■ Records for this task:

________

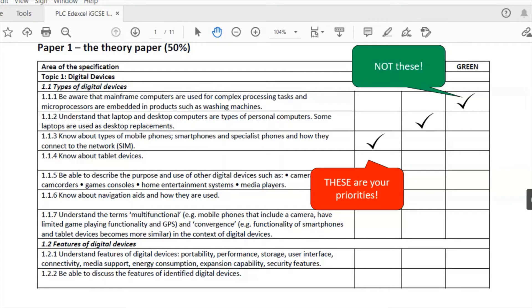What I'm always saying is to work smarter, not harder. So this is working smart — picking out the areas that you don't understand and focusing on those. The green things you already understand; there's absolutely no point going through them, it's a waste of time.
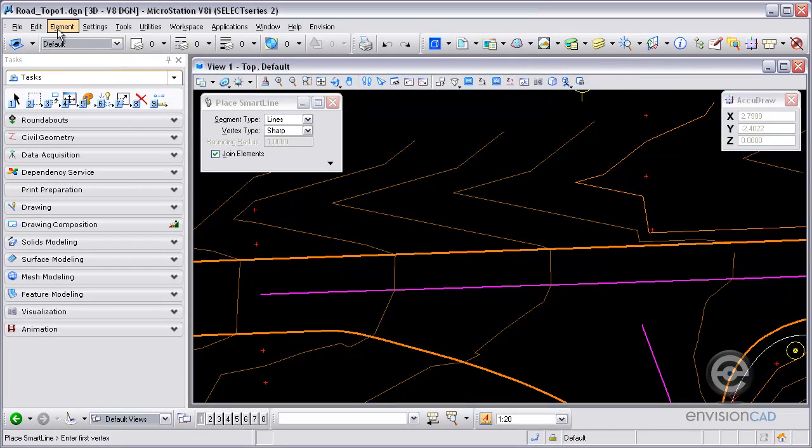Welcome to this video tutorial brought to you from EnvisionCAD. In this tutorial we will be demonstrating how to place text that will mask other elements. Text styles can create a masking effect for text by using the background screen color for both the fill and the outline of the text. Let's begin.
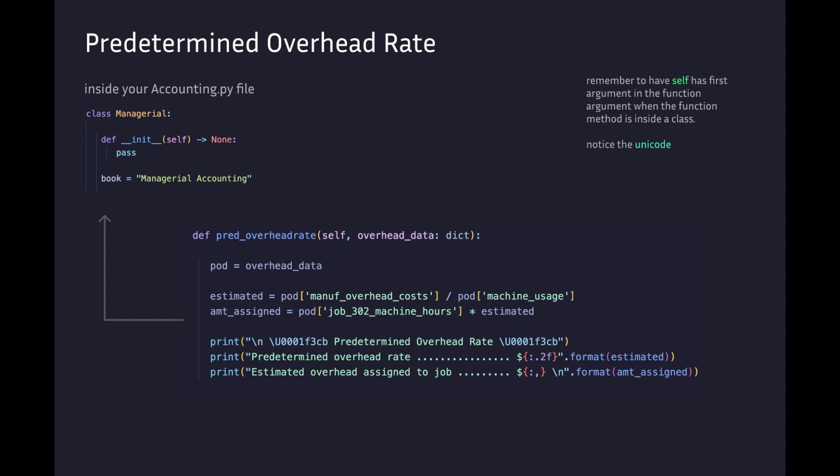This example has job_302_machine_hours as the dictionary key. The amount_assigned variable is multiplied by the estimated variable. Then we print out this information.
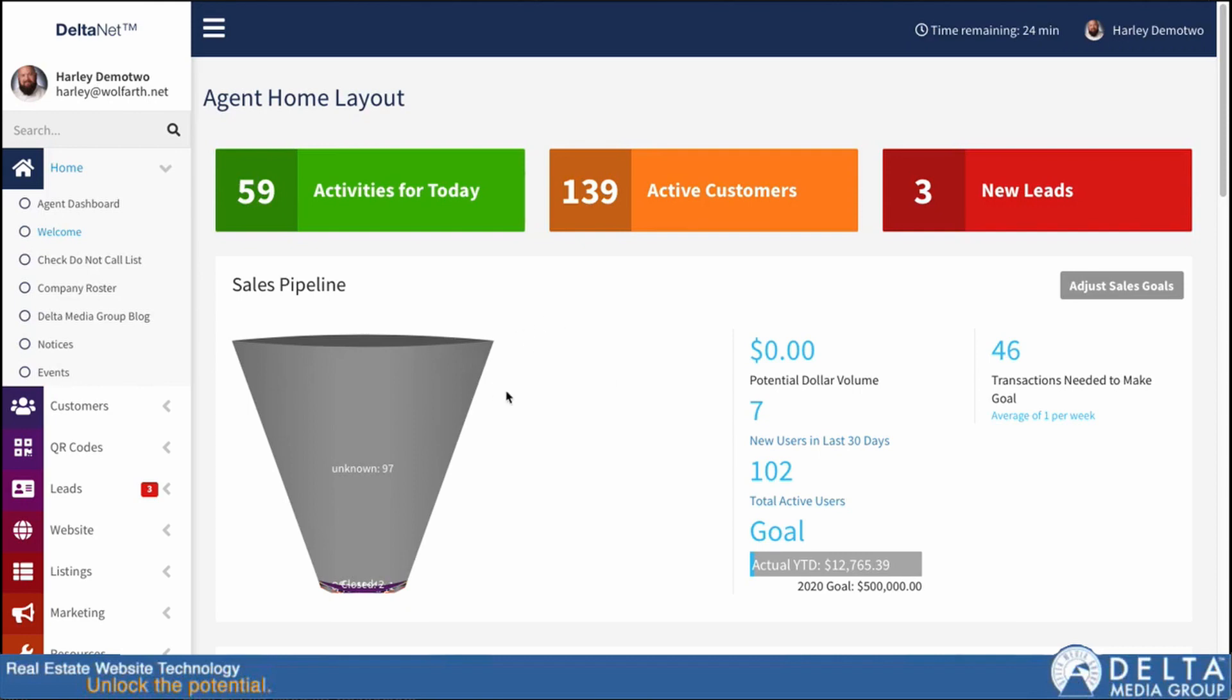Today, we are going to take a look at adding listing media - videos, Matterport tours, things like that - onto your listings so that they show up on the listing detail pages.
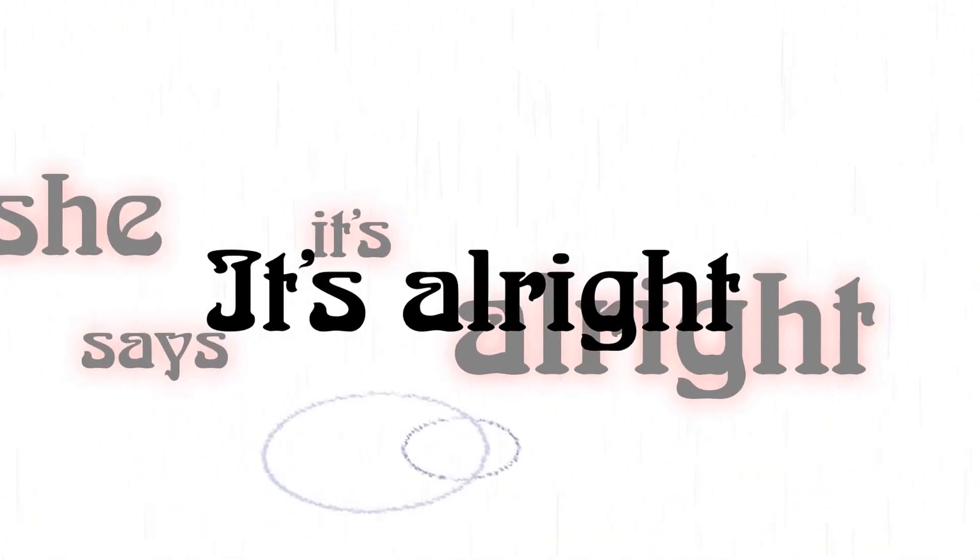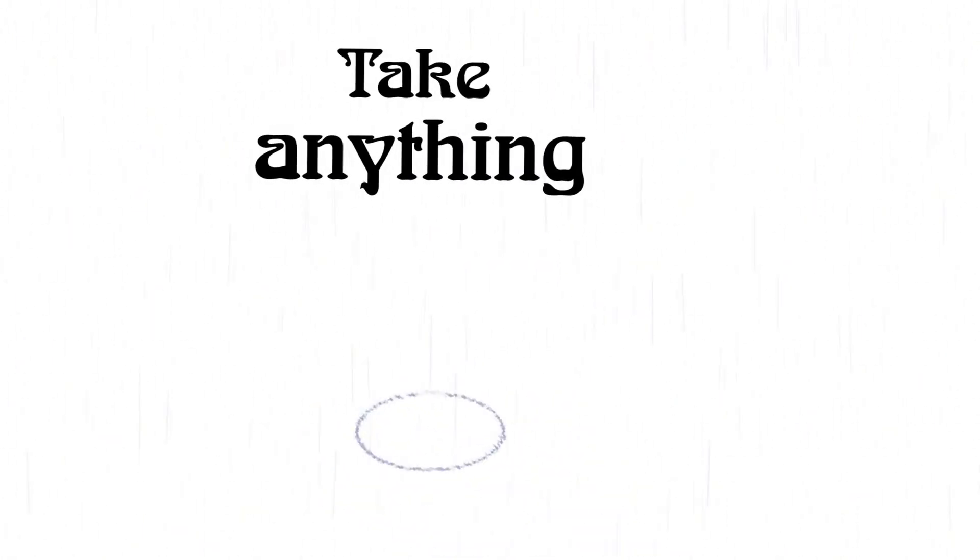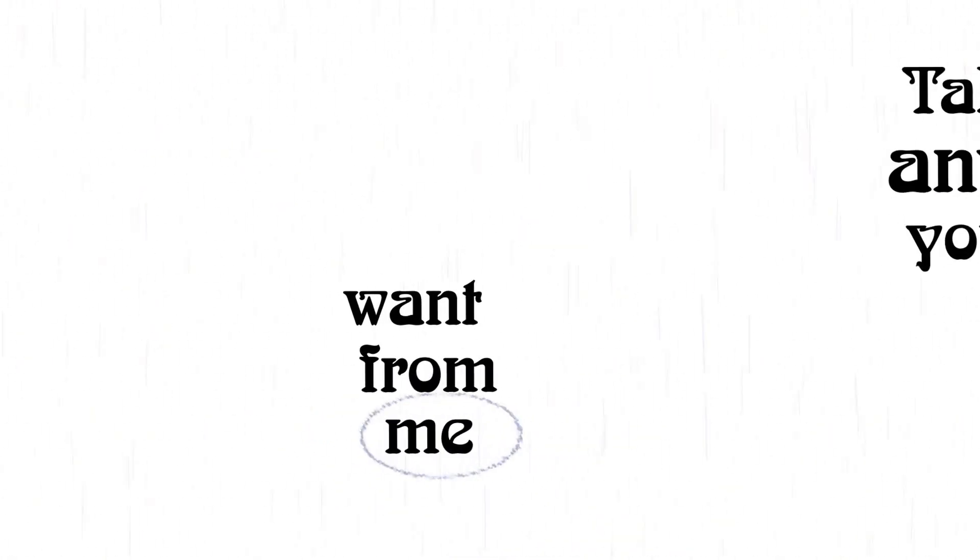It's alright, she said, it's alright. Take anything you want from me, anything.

________

■ Instructions to follow:
Start at the top of the entries and repeat each line exactly, ending at the line that contains "Welcome to this". Pictures are not part of the copy.

■ Your response:
What I'm always saying is to work smarter, not harder. So this is working smart — picking out the areas that you don't understand and focusing on those. The green things you already understand; there's absolutely no point going through them, it's a waste of time.
Welcome to this video tutorial brought to you from EnvisionCAD. In this tutorial we will be demonstrating how to place text that will mask other elements. Text styles can create a masking effect for text by using the background screen color for both the fill and the outline of the text. Let's begin.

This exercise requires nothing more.